28 May 2023 News/Editorial
If angling correspondents/commentators have any role at all, it is to look on the bright side, to encourage and cajole so that future chances of success, for hapless readers, are, if not exaggerated, balanced on the positive side, because, of course, with fishing, we are all optimists and, well, you never quite know.
I am finding even that low bar tricky, the sun is beating down, the forecasts are agreed on more of the same for the foreseeable future, well into June, the river is already at summer level and will continue to drop. Add to that the fact that all three (Tay, Dee,Tweed), possibly all four, to include the Spey, of the great east coast Scottish rivers (for I hear the Spey is no great shakes either), failed to catch 100 salmon (most probably many fewer than that) between them last week, you will see my dilemma in coming up with something upbeat to say.

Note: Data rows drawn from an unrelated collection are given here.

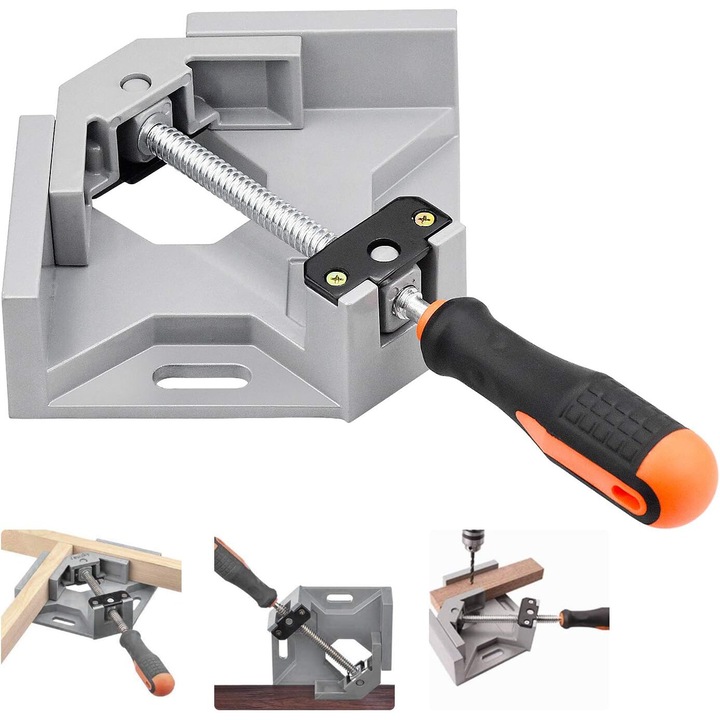 Clema de 90 de grade, AMRINUGL, constructie din aliaj de aluminiu, maner TPR, utilizare grea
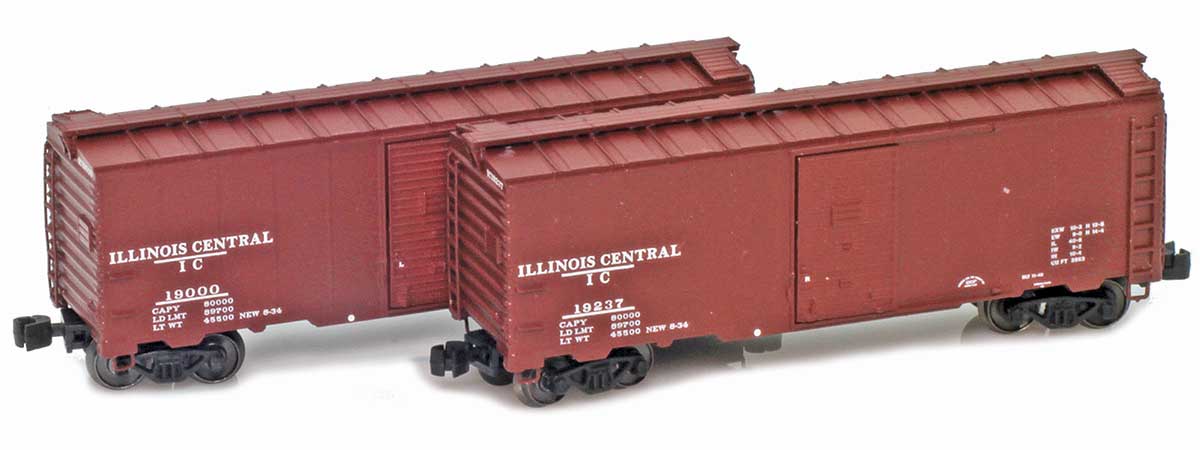 915405-1 Modified 1937 40« AAR Box Car | IC 19000, 19237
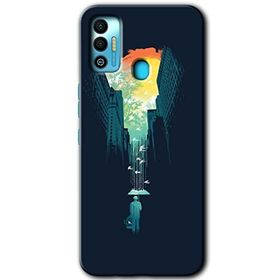 Tecno Spark 7T City Bird Sky Baskılı Uyumlu Silikon Kılıf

Blaming “fishing conditions” has always been the easy fallback for those determined to portray oodles of fish, when there clearly are not. This time it really does not wash; ok the sun is shining and conditions are not easy, but the river is not that hot (nights still cool) and if the fish were there, you could catch them either early or late in the day. With river levels bigtime favouring beats below Coldstream, when only one salmon was caught there in the final five days of last week, the only sensible conclusion is that little is coming in from the sea. It must be the very same elsewhere on the other rivers.

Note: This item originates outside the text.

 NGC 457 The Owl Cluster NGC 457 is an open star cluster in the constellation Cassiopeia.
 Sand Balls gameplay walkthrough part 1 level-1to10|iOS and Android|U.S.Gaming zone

It is never a good idea to draw conclusions, kneejerk, in the heat of the moment, but you do wonder what is happening to our beloved fish, and what more, if anything, we can do to protect them and ensure those incomparable springers continue to run our rivers? Alarmism is seldom right. We need balanced and sensible heads, and, of course, we have been here before (as recently as 2018, see below), but even so, there is beginning to be something horribly predictable about the accumulation of bad news in the Atlantic salmon’s world.

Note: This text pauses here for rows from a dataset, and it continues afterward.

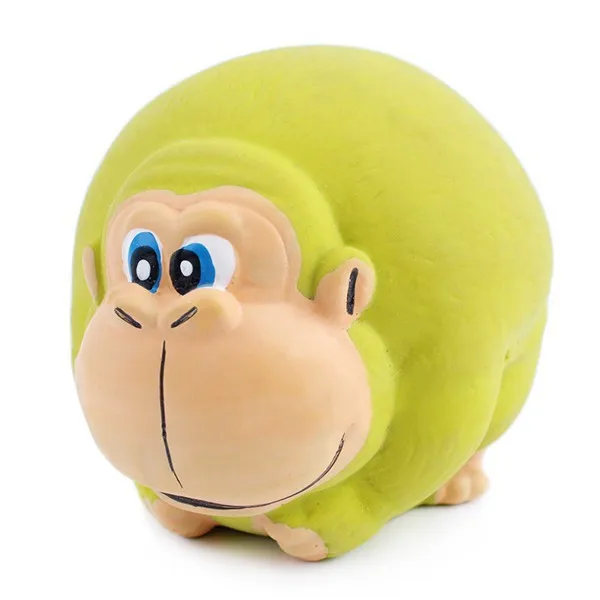 
animal shaped dog squeaky rubber ball 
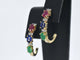 Boucles d'oreilles Boucles d'oreilles en or avec pierres précieuses multicolores et diamants 58 Facettes 2276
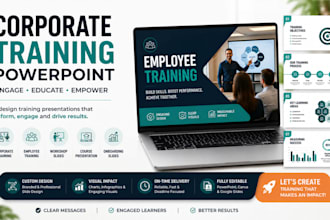 design corporate, employee training powerpoint presentation and workshop slides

I have no answers, unlike many others, who think they have. Of one thing I am sure, killing salmon at the moment, as our only netting station is still allowed to do in April and May, is marginally offensive to those of us who love our fish and have not deliberately killed one for many years. It should be stopped, and one can only hope that this year/spring is the straw that breaks that particular camel’s back, with the Government, and that they finally do something about it.
Just one salmon was recorded as caught by all the Tweed rods in the final two days of last week, and six below Coldstream in the whole of last week, in conditions distinctly favouring those lowest beats. With such obvious scarcity, killing any Atlantic salmon can only be most profoundly wrong.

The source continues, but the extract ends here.